The storied law firm, whose clients have included Diana, Princess of Wales, is seeking a London stock market listing at a reported £750m valuation. But smaller peers have not fared well in public markets. Manchester based DWF’s shares are down around 12 per cent from their listing price two years ago.
Law firms, like accountants and other professional services firms, are an unlikely fit with public investors. Capital light, with value largely bound up in people, the historic partnership model has served them well. Allowing top lawyers to divvy up profits between them provides an inbuilt incentive and retention mechanism. Pre-Covid, Mishcon’s senior equity partners took an average £1m apiece a year from the profit pool. That worked for everyone. When disgruntled top performers leave they often take business relationships with them.
Going public means sharing these spoils with shareholders, who naturally want their share of the pie. No problem for top-of-the-pile lawyers selling out now. Less good for those still working their way through the sausage factory.

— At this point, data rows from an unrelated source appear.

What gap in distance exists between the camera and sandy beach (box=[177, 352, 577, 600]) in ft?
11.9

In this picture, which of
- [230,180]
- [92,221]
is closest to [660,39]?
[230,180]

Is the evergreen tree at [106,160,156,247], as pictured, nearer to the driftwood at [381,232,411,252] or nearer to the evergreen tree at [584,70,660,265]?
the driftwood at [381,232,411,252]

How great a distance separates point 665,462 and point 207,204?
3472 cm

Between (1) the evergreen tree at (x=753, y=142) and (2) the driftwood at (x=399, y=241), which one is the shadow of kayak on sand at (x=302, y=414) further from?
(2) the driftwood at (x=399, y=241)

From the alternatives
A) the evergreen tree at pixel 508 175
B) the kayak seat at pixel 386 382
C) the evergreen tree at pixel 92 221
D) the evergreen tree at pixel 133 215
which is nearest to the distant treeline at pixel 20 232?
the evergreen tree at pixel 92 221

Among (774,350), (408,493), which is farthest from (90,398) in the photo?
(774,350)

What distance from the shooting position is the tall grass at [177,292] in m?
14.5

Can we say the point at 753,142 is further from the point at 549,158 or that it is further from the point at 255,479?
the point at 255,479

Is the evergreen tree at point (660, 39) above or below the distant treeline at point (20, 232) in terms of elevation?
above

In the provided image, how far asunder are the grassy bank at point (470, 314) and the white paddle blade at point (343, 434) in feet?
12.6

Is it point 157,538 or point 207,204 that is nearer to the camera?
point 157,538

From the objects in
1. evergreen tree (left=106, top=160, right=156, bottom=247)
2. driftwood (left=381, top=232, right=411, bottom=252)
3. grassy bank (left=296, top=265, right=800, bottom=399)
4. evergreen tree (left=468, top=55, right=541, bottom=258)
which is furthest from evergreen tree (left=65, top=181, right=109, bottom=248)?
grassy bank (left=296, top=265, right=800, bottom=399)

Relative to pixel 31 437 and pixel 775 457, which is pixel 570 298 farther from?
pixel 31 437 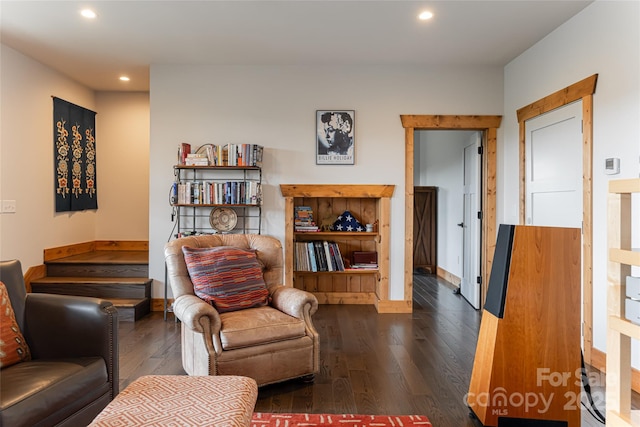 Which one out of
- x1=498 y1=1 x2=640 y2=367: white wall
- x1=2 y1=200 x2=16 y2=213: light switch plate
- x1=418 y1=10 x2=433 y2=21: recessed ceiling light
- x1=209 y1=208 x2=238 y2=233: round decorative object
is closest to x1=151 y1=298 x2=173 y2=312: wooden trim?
x1=209 y1=208 x2=238 y2=233: round decorative object

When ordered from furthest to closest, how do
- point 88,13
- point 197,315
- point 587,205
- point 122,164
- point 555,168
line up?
1. point 122,164
2. point 555,168
3. point 88,13
4. point 587,205
5. point 197,315

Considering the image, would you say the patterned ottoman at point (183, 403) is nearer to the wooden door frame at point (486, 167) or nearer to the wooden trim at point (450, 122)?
the wooden door frame at point (486, 167)

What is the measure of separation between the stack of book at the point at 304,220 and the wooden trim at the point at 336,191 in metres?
0.27

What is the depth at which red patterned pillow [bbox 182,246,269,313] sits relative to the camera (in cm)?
272

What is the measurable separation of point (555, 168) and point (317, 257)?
2579mm

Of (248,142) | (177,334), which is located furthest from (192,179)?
(177,334)

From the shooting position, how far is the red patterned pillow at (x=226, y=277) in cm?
272

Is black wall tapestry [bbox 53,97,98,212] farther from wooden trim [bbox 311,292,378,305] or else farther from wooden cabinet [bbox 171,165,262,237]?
wooden trim [bbox 311,292,378,305]

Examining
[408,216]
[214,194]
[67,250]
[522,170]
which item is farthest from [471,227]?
[67,250]

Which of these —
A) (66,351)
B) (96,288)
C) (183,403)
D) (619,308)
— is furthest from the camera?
(96,288)

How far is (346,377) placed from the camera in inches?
109

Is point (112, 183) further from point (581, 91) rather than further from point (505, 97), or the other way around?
point (581, 91)

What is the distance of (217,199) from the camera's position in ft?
14.1

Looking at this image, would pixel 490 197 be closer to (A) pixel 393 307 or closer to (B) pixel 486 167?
(B) pixel 486 167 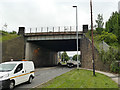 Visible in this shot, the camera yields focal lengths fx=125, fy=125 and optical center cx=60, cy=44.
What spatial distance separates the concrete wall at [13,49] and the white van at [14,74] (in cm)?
1520

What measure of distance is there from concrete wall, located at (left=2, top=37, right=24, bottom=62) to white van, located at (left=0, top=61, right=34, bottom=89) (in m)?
15.2

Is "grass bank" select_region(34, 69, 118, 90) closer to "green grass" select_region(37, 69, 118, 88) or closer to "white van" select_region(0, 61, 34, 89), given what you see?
"green grass" select_region(37, 69, 118, 88)

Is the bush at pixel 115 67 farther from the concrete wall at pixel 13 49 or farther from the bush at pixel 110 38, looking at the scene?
the concrete wall at pixel 13 49

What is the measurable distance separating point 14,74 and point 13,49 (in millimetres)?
19187

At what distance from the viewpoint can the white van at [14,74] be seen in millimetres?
7546

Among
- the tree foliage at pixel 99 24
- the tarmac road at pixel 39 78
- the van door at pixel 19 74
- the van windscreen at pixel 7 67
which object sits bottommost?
the tarmac road at pixel 39 78

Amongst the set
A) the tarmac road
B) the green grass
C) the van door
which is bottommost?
the tarmac road

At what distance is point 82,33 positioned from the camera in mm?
29797

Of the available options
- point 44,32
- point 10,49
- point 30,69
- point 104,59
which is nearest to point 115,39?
point 104,59

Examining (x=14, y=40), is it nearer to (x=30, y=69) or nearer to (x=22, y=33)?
(x=22, y=33)

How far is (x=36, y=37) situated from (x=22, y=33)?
145 inches

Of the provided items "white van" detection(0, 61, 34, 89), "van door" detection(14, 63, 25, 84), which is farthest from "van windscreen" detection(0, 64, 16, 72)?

Mishcon’s proposed structure takes some of this on board, in part by splicing off a portion of profits as a cushion for bonuses. Partners, who will see part of their salary replaced with dividends, will be locked into their holdings for seven years. Other former partnerships have found alternative perks. Goldman Sachs, which listed in 1999, rewards its 440 partners with access to exclusive investment opportunities.
Profitability among law firms varies hugely. Mishcon’s elite client base is perhaps what has enabled it to enjoy far higher margins than DWF or Keystone, another UK listed firm. Assuming normalised run rate revenue growth of 6 per cent on £180m and 30 per cent margins would imply a price/forward earnings of 13 times.
New risks must be watched. Partners will doubtless find it easier to spend public money. Proceeds are marked for expansion and having an acquisition currency in hand could prove a temptation too far. Still, the lurch towards capital markets looks unstoppable. Investors should be circumspect.